Everybody has heard of T. E. Lawrence–“Lawrence of Arabia”–adventurer, explorer, expert on what’s now called the Middle East. Certainly every movie-goer has seen Peter O’Toole in flowing white robes, riding through the wide-angle desert with his coterie of Arab horsemen.
Far fewer people have heard of Gertrude Bell (1868-1926), an Englishwoman who did much of what Lawrence did. “Letters from Baghdad,” using entirely Bell’s own words from her diaries and letters, as well as many of her photographs and films, finally rights this wrong. Tilda Swinton is Bell’s voice in the film. (Don’t confuse “Letters from Baghdad” with Werner Herzog’s 2015 “Queen of the Desert,” starring Nicole Kidman as Bell, and variously described by critics as “a muddled mess” and “rambling and tedious.”)
Bell was born into a well-to-do British family. Her mother died when Bell was very young; her father remarried, and most of Bell’s affectionate letters are addressed to both her father and step-mother. She left 1,600 letters, as well as 7,000 negatives, plus films, some in color.
In 1892, after graduating from Oxford, Bell went “to the East,” which she rarely left before her (probably self-inflicted) death in 1926. She was fascinated with the Arabs–their language and its dialects, their culture, their arts. She wrote numerous books.

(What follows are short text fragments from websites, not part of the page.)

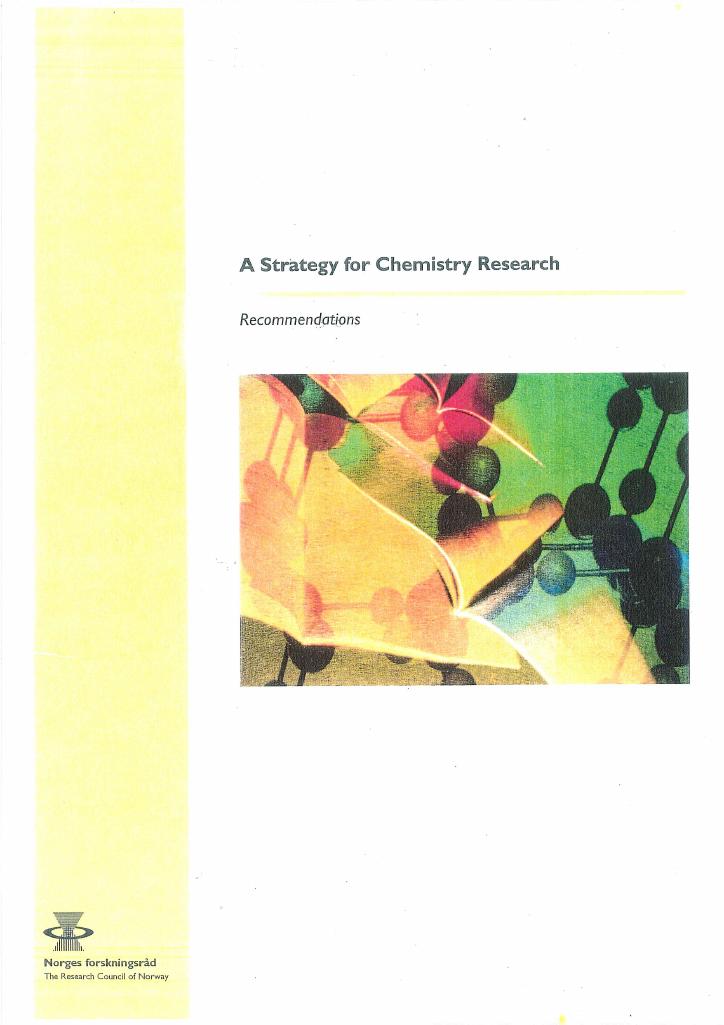 Forsiden av dokumentet A strategy for Chemistry Research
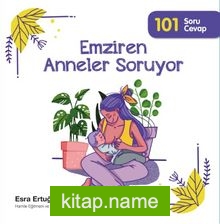 Emziren Anneler Soruyor  101 Soru Cevap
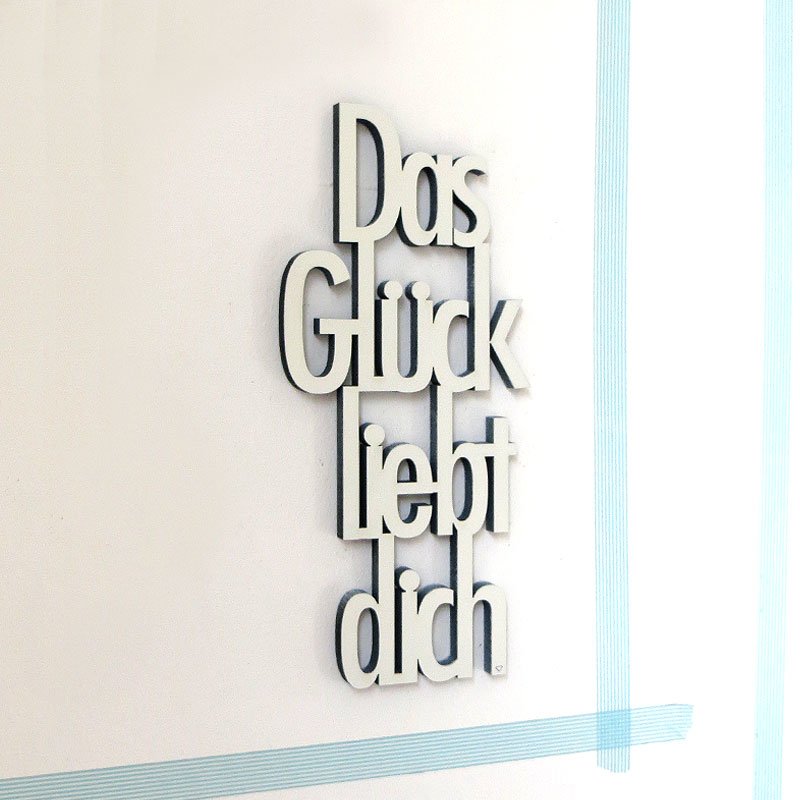 NoGallery Schriftzug Das Glück liebt dich - weißer 3D Schriftzug bei Nauli and Stories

When World War I broke out, Bell joined the Red Cross. She also worked for the British government, possibly as a spy. She hobnobbed with the mighty and famous: a photograph shows her sitting between Winston Churchill and T. E. Lawrence.
In return for cooperating with the British, the Arabs were promised their own country after World War I. Not given one, they revolted. Bell, blaming oil for much of the problem (does that sound familiar?), sided with the Arabs. Appointed Director of Antiquities, Bell created the Museum of Iraq, which, tragically, was ransacked in 2003.
In addition to the footage of Baghdad, Tehran, the desert, and the antiquities Bell collected, “Letters from Baghdad” also shows London street scenes circa 1915, scenes from World War I, Cairo, and much more. Bell’s two ill-fated romances (the focus of Herzog’s “Queen of the Desert”) are mentioned but not emphasized. As essentially the only woman in a similarly important position in the British government in the east, she suffered from loneliness and lack of female companionship, as well as physical ailments, none of which are elaborated in her letters. She died of an overdose of sleeping pills.
“Letters from Baghdad” doesn’t sentimentalize or glamorize Gertrude Bell. Rather, it’s a window into an extraordinary woman’s life and career, well worth watching.